Let $B$ be a graded ring with positive degrees, and let $I$ and $J$ be homogeneous ideals of $B$. We suppose that there exists $N$ such that $I\cap B_{n}=J\cap B_{n}$ for all $n\ge N$.

How to show that if $I\subset J$, the natural arrow $\mathrm{Proj}\left(B/J\right)\hookrightarrow\mathrm{Proj}\left(B/I\right)$ is an isomorphism?
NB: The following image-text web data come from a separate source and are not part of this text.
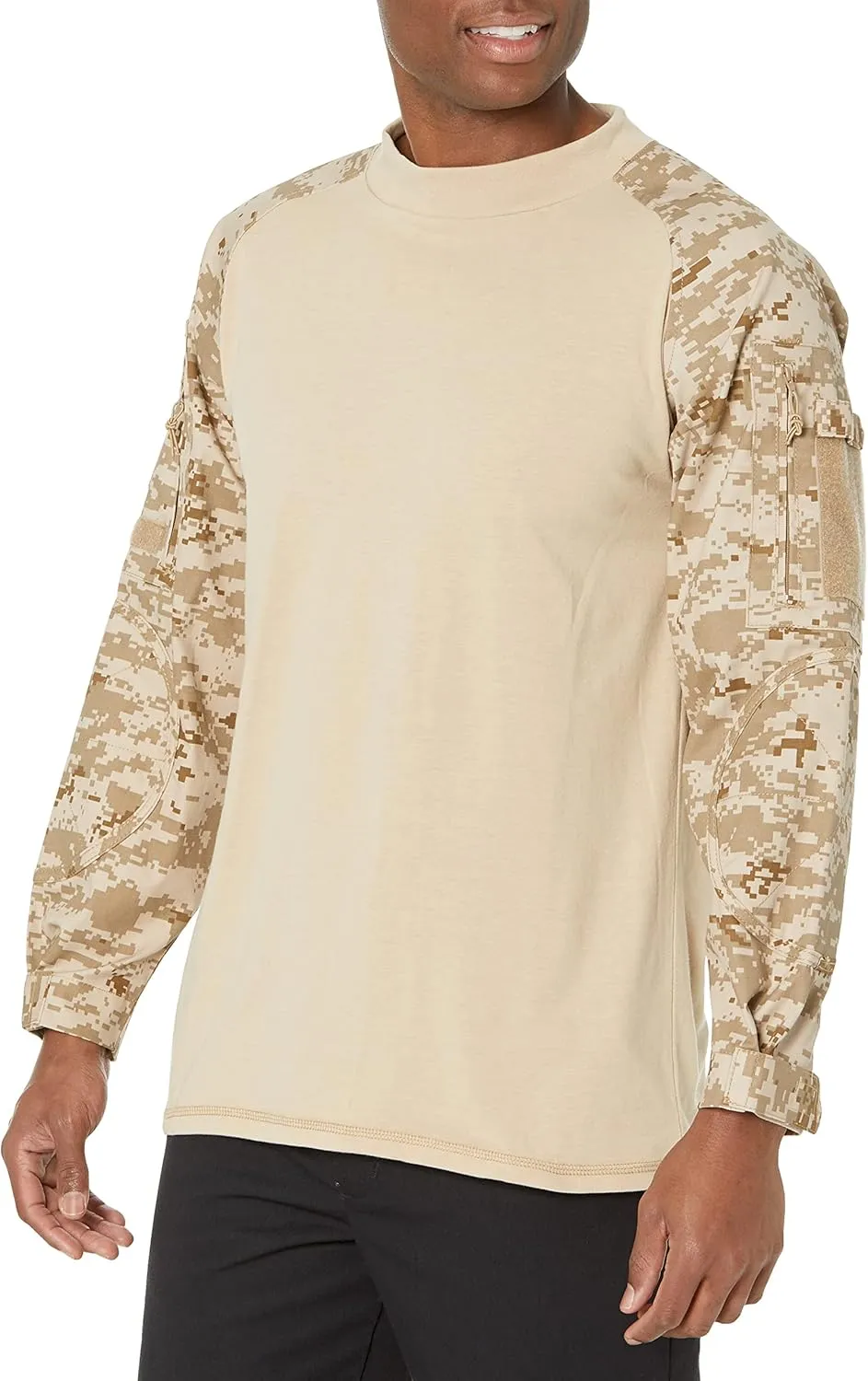 Rothco Tactical Combat Airsoft Shirt Lightweight Military Paintball Army Stretch Base Layer Top with Zip Pockets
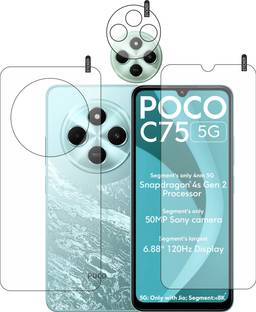 rottguard Front and Back Tempered Glass for Poco C75 5G with camera lens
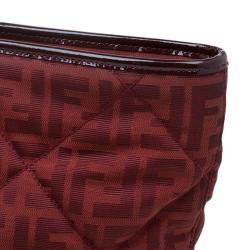 Pre Owned Fendi Red Zucca Quilted Canvas Roll Tote 
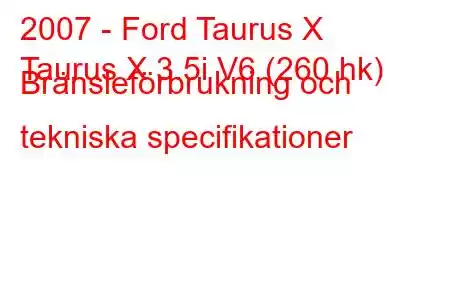 2007 - Ford Taurus X
Taurus X 3.5i V6 (260 hk) Bränsleförbrukning och tekniska specifikationer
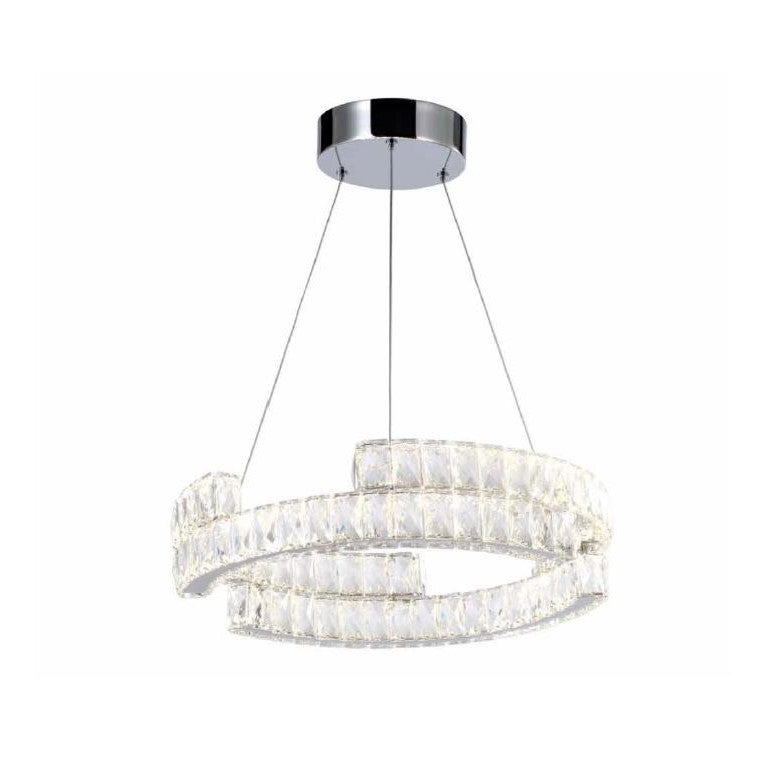 Ex-Display - Aisha 2 Tier Chrome & Crystal Ceiling Light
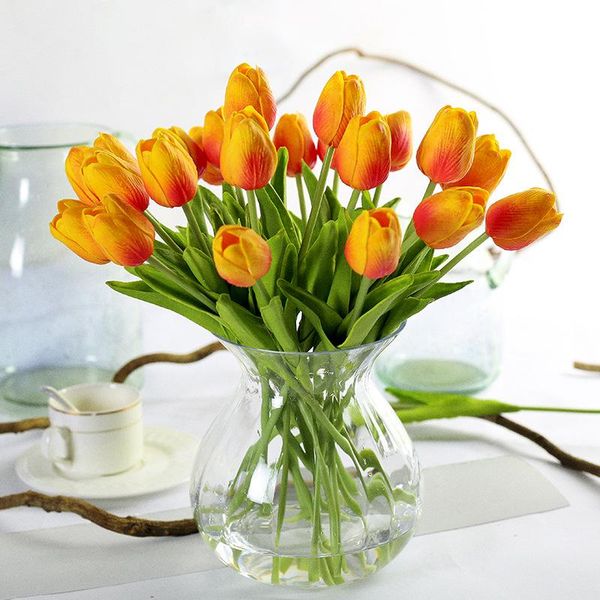 

10pcs vivid artificial silk flowers bouquet fake tulip home decoration wedding bridal wreaths party decorative flower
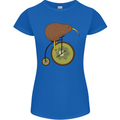Funny Cycling Kiwi Bicycle Bike Womens Petite Cut T-Shirt Royal Blue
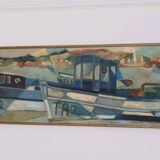 Original  Swedish Oil on Canvas – “Boats” by Kjell Lindberg – Vintage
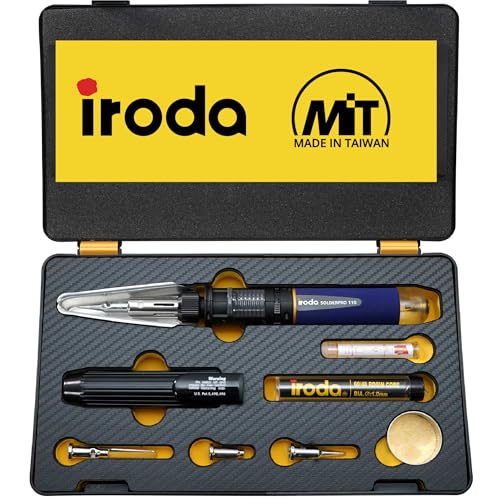 IRODA SolderPro 110 Butane Soldering Iron Kit, 115 MIns Run Time, Rapid Heat Up, Professional Set With Tips & Sturdy Tool Case (No Butane Included)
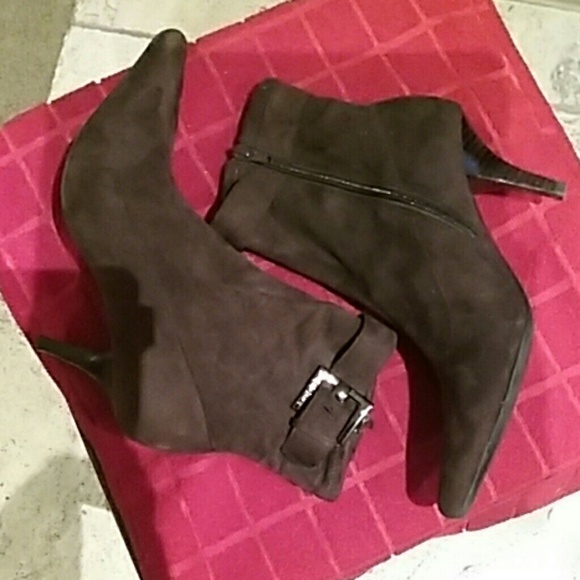 Suede Brown Ankle Booties - Picture 2 of 3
• You mean to write $I \cap B_n = J \cap B_n$. Check equality on the distinguished affine open sets $D(f) = \operatorname{Spec} B_{(f)}$.
– Hoot
Apr 26, 2015 at 18:28
• See Algebraic Geometry by R. Hartshorne, Chapter II, Ex. 2.14 (c). May 6, 2015 at 19:22
• @Hoot Would you please write about this in more detail in an answer? The textbook also says about checking equality on the distinguished affine open sets, but I don't think I've seen an example of that being done.
– Jake
May 16, 2015 at 0:48
• @Jake Sure. Give me a moment.
– Hoot
May 17, 2015 at 19:24

## 1 Answer

The morphism in question comes from the surjection $B/I \to B/J$. If $f \in B$ is homogeneous of positive degree then we get $(B/I)_f \to (B/J)_f$ and then $((B/I)_f)_0 \to ((B/J)_f)_0$, both surjective. So the only question is injectivity. Say $b/f^n$ maps to $0$ where $b \in B_{n \deg f}$ (everything should be mod $I$, really). Then for $m \gg 0$ we have $f^mb \equiv 0 \bmod{J}$, so $f^mb \in J_{(n+m)\deg f}$ and for $m$ large enough the hypothesis tells you that this is the same as $I_{(n+m)\deg f}$ and it follows that $b/f^n$ is already zero in $((B/I)_f)_0$.